A couple weeks back I posted a thing about there being too many events and not enough real shows. I figured a handful of people might nod along and that would be that. Then 147 of you showed up in the comments, and I spent two nights reading every single one with my coffee going cold.
I learned more in that thread than I have in a long time. So this one isn't really me talking. It's me telling you what you taught me.
You're not imagining it, and neither was I
The thing I was nervous to even say out loud, that we are drowning in events, turned out to be nobody's hot take. It was just Tuesday for most of you. Six markets in one town on the same weekend. A vendor market, a farmers market, and a "pop-up" all inside a 20 minute drive. One of you put it better than I did: when there's a show on every corner, nobody feels any urgency to actually buy, because there's another one tomorrow down the road. That one stuck with me.
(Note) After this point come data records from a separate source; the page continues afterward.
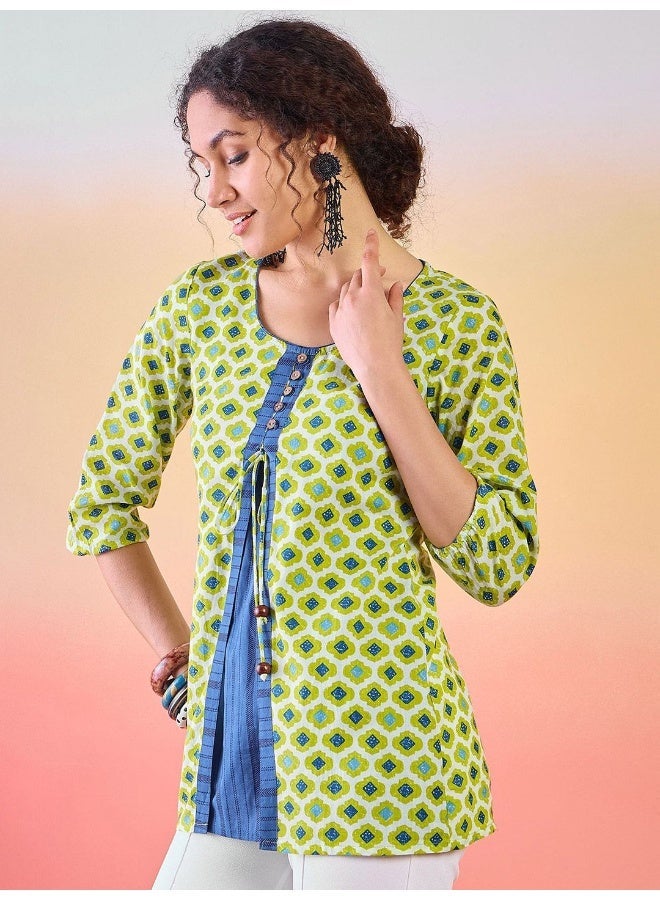 AKS Ethnic Motif Printed tie-Ups Cotton Tunic - Image 1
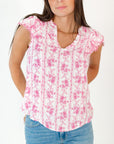 Elena Floral Split Neck Top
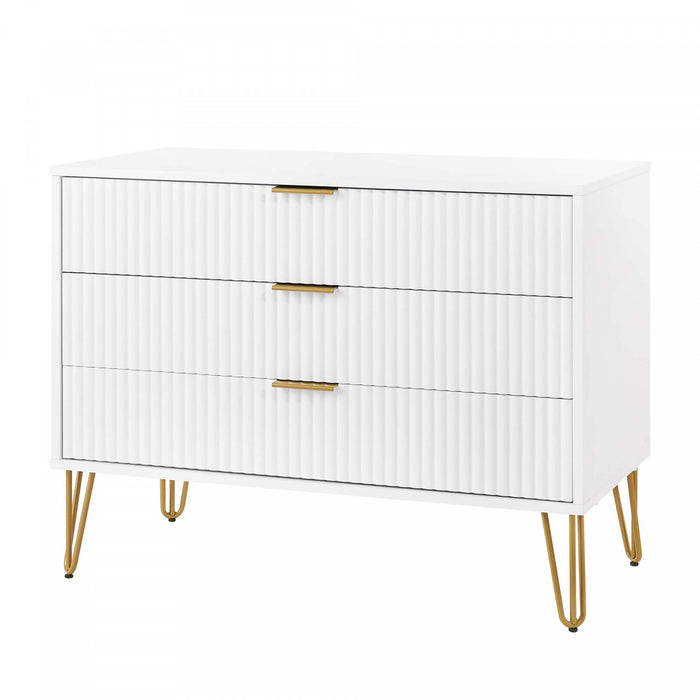 Commode Dumbo Moderne 35\" a Rainures en Blanc (3 Tiroirs)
The part that actually got me
Here's what I didn't see coming. So many of you have quietly given up on anything new. You only do the shows that have been around 10, 20, even 50 years. The juried ones. The ones you've done for two decades and happily drive an hour to get to.
I understand why. But there's a quiet sadness in it. It means a good new event, run by somebody who genuinely cares, can't get a foot in the door, because we've all been burned too many times to risk the booth fee on an unknown. The flops didn't just cost us money. They made us stop trusting anything new.
You're already doing the thing
This is the one that lit me up. I walked in thinking I had some original idea. Nope. You've been building it by hand for years.
There are statewide Facebook groups where vendors compare notes on shows and organizers and, in one person's words, "weed out the scammers." One of you keeps a spreadsheet going back years: table cost, money in, weather, notes. Another walks a show as a regular customer before ever paying for a booth. You vet promoters the hardest way there is, one bad weekend at a time, and then you quietly pass the warnings to each other.
The knowledge is all there. It's just scattered across a thousand comment threads, notebooks, and DMs, and it dies the moment the thread scrolls away.
Where you corrected me, and you were right
I came in a little hot on promoters, and a few of you set me straight. Asking vendors to help spread the word about a show isn't the crime. We should all be sharing the events we're doing. The crime is when the organizer does nothing else. When your fee buys a parking spot and one Facebook post, and that is the entire marketing plan. That's the line, and I needed the nudge to see it clearly.
A bunch of you also reminded me that no amount of promotion saves a bad fit. Sell candles at a rodeo and that's the matchup failing you, not the marketing. Know your customer. I tell myself that constantly running offroad and overland events with my other company, where the whole dynamic is different, and I still managed to forget it applies right here too.
The stuff that should just be standard
One thing came up again and again, without anyone organizing it. You are tired of having to interrogate every organizer for the basics. Is there electric. Are tables included. Indoor or outdoor. How many years has this actually run. How are you really advertising it. One vendor posted her six-question checklist and a dozen people said they were screenshotting it.
That told me something simple. This information shouldn't be a scavenger hunt you do over DMs. It should be right on the listing, every time, before anybody pays a dime.
So here's what I'm taking away
You don't need fewer makers. You need a way to tell the good shows from the bad ones before you hand over your money and your Saturday. You have been doing that detective work alone for years, and you've gotten good at it. I just don't think you should have to.
So thank you, genuinely. Keep it coming, because I'm clearly still learning. If you've got a checklist, a red flag, or a "never again" story that didn't make the first thread, drop it below. I read every one. I always do.